# training books, kits, tricks, etc?



## goonsquad (Sep 15, 2010)

So I am going to be getting a GSH pup, I want to train him into an upland pointer and flusher. I know the basics of training, but not much more. Is there a system, book, kit, trick, etc that you recommend? 
I'm ready to read up on just about anything but I also would really like to not waste time doing it. 

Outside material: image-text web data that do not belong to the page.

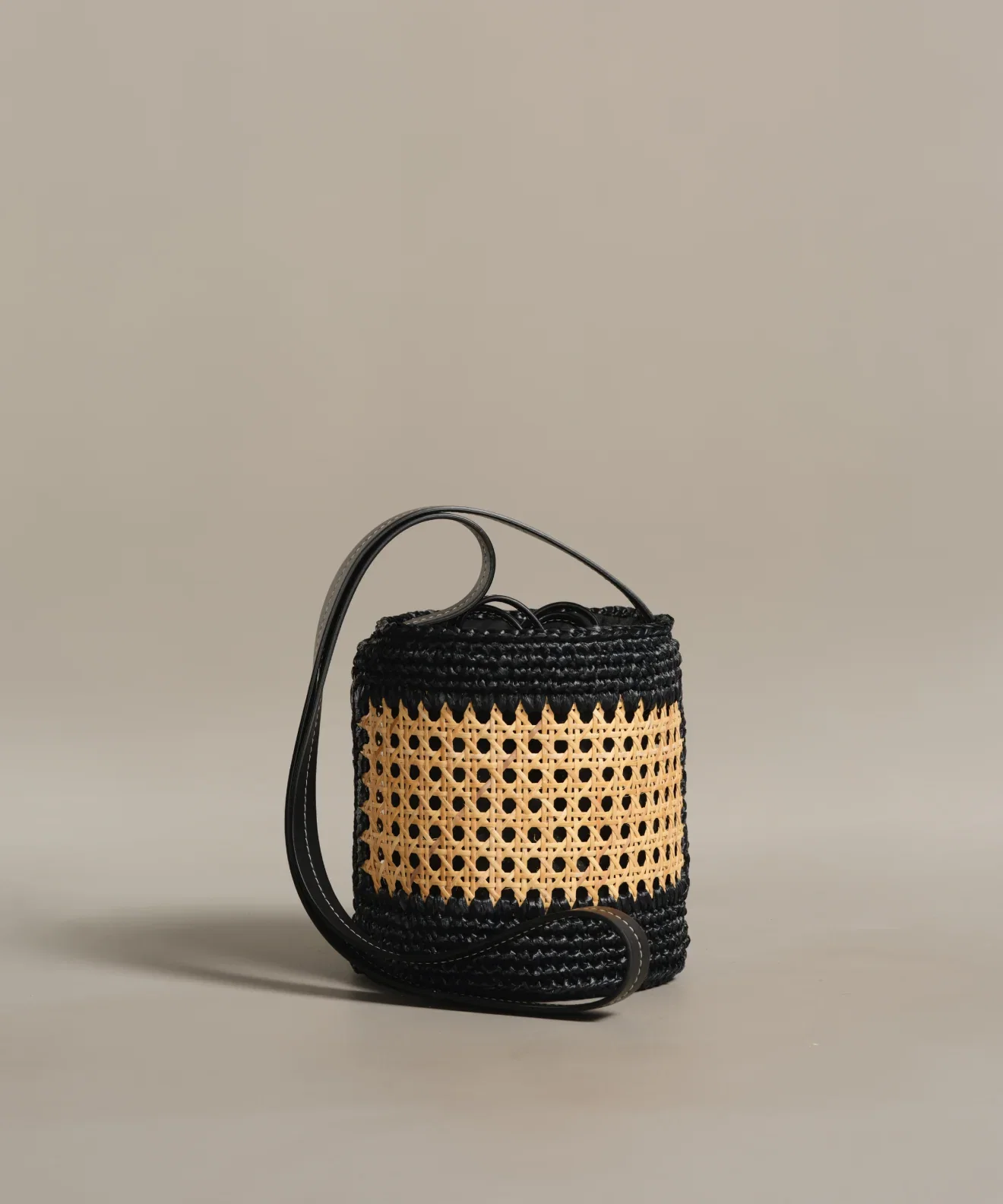 Image of Tropez Bucket Bag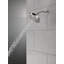Pomme de douche fixe multifonction-74457044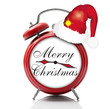 sveglia natale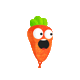 yurinrangel
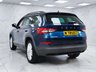 USED 2020 C SKODA KODIAQ 1.5 TSI ACT SE L SUV 5dr Petrol DSG Euro 6 (s/s) (7 Seat) (150 ps) HEATED SEAT, PAART LEATHER, 2 KEYS!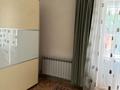 2-комнатная квартира · 59 м² · 2/2 этаж, Гагарина 72 — Жаркынбеков за 150 000 ₸ в Шымкенте, Абайский р-н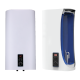 Бойлер электрический Thermo Alliance DT30V20G(PD)/2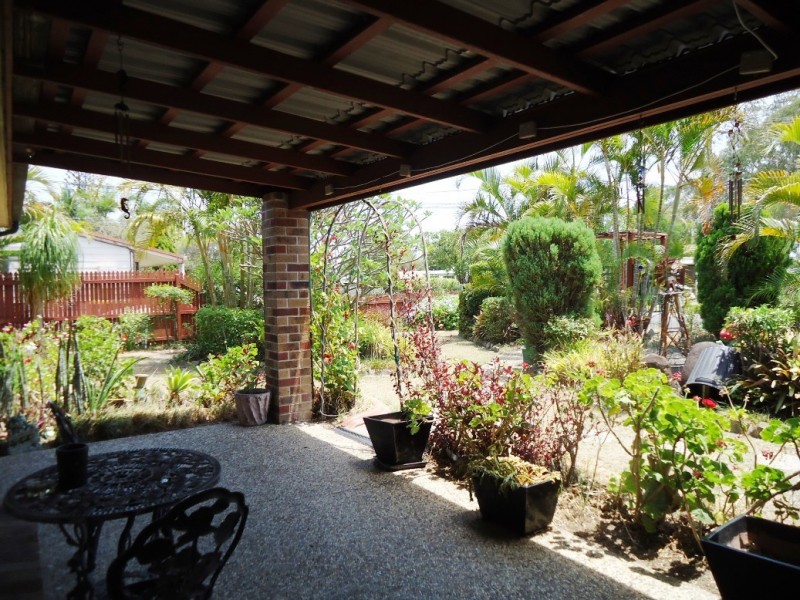 32 Brushbox Street, Crestmead QLD 4132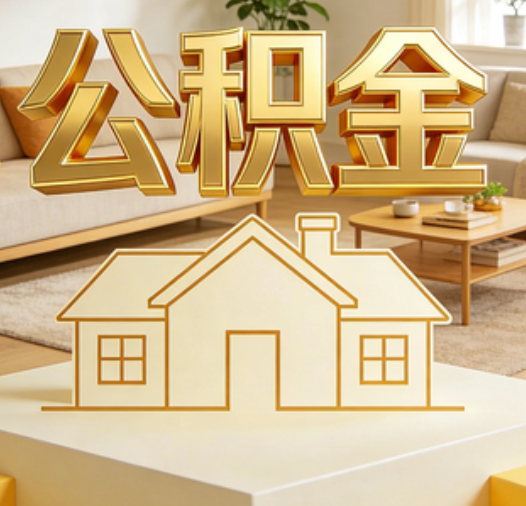 张家口资金如何“活”起来，服务如何“智”起来？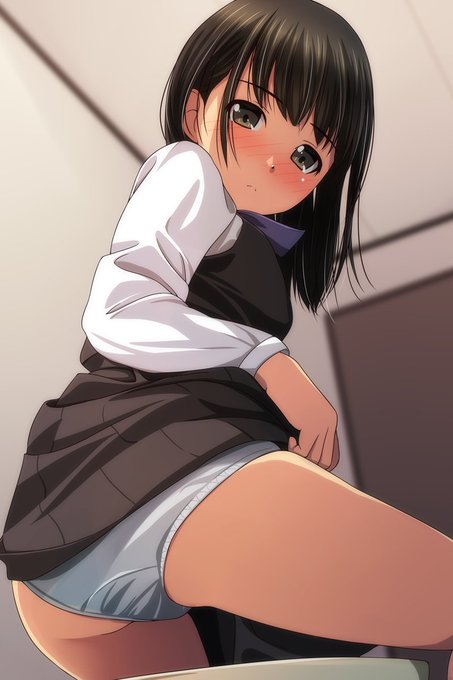 今日の一枚2834 (1:00+0:40+1:00) 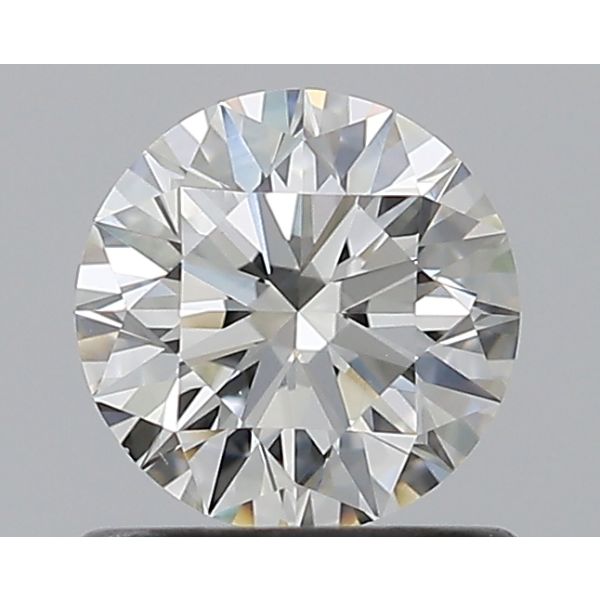 ROUND 0.7 I VS2 EX-EX-EX - 6542513132 GIA Diamond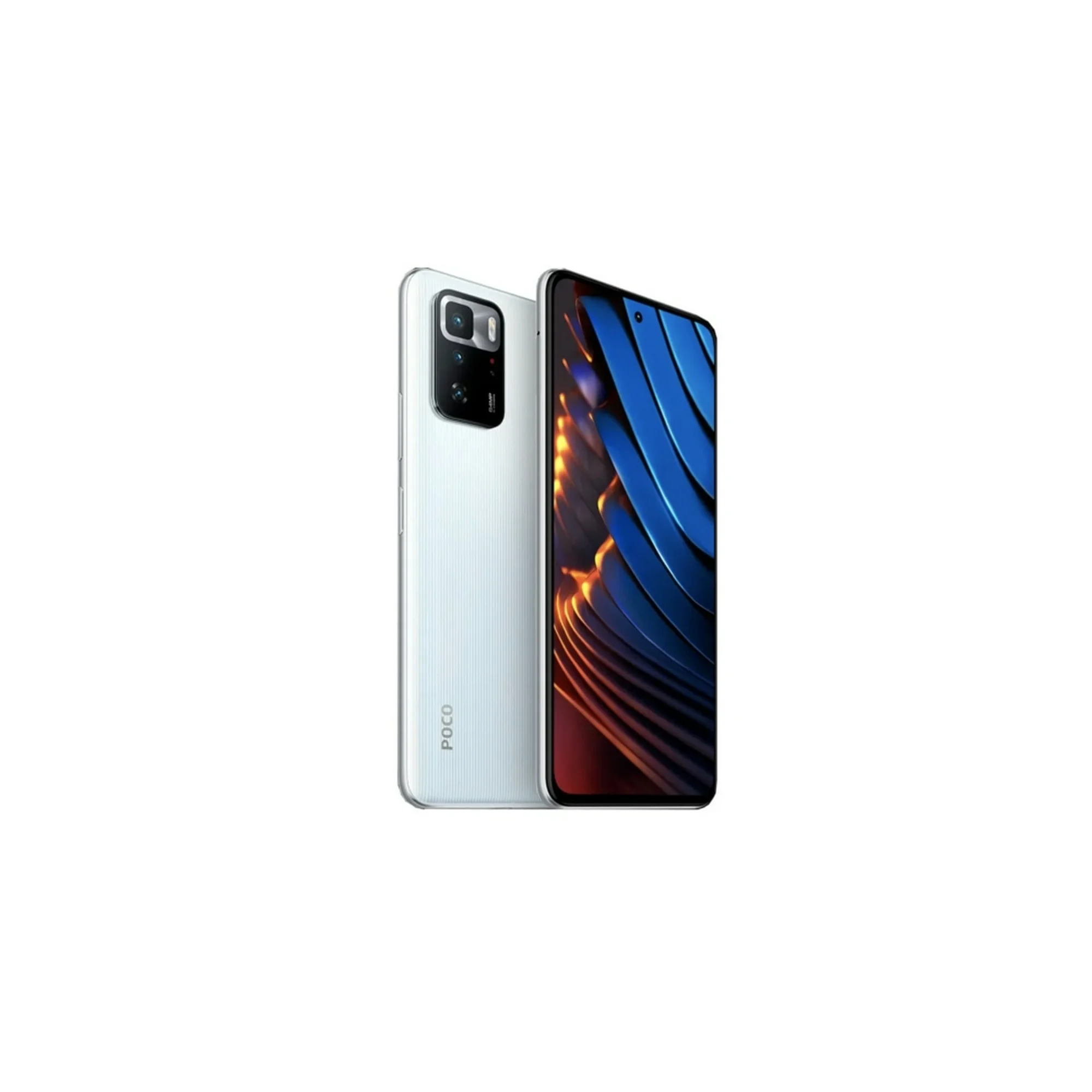 Xiaomi Poco X3 GT 5G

Any advice would be greatly appreciated.


----------



## izzydog (Jan 18, 2008)

Assuming your GSH will be close to a GSP in performance, I would highly suggest joining NAVHDA. Join the national club and they will send you the "green Book" training manual as well as the DVD. The Wasatch Mountain chapter is pretty active with training days and testing in the spring, summer and fall. You also get to interact with a lot of different breeds and owners and you can see what works well for others and they are always willing to help and give advice. It's a lot of fun as well.


----------



## TAK (Sep 9, 2007)

goonsquad said:


> So I am going to be getting a GSH pup, I want to train him into an upland pointer and flusher. I know the basics of training, but not much more. Is there a system, book, kit, trick, etc that you recommend?
> I'm ready to read up on just about anything but I also would really like to not waste time doing it.
> 
> Any advice would be greatly appreciated.


Google Bill West dog trainer or The Magic Man dog trainer or Bill Gibbons dog trainer...

Your going to be looking at things such as the West Method...etc Stand up stand steady...

Also Dave Walker has some DVD's out that are super!


----------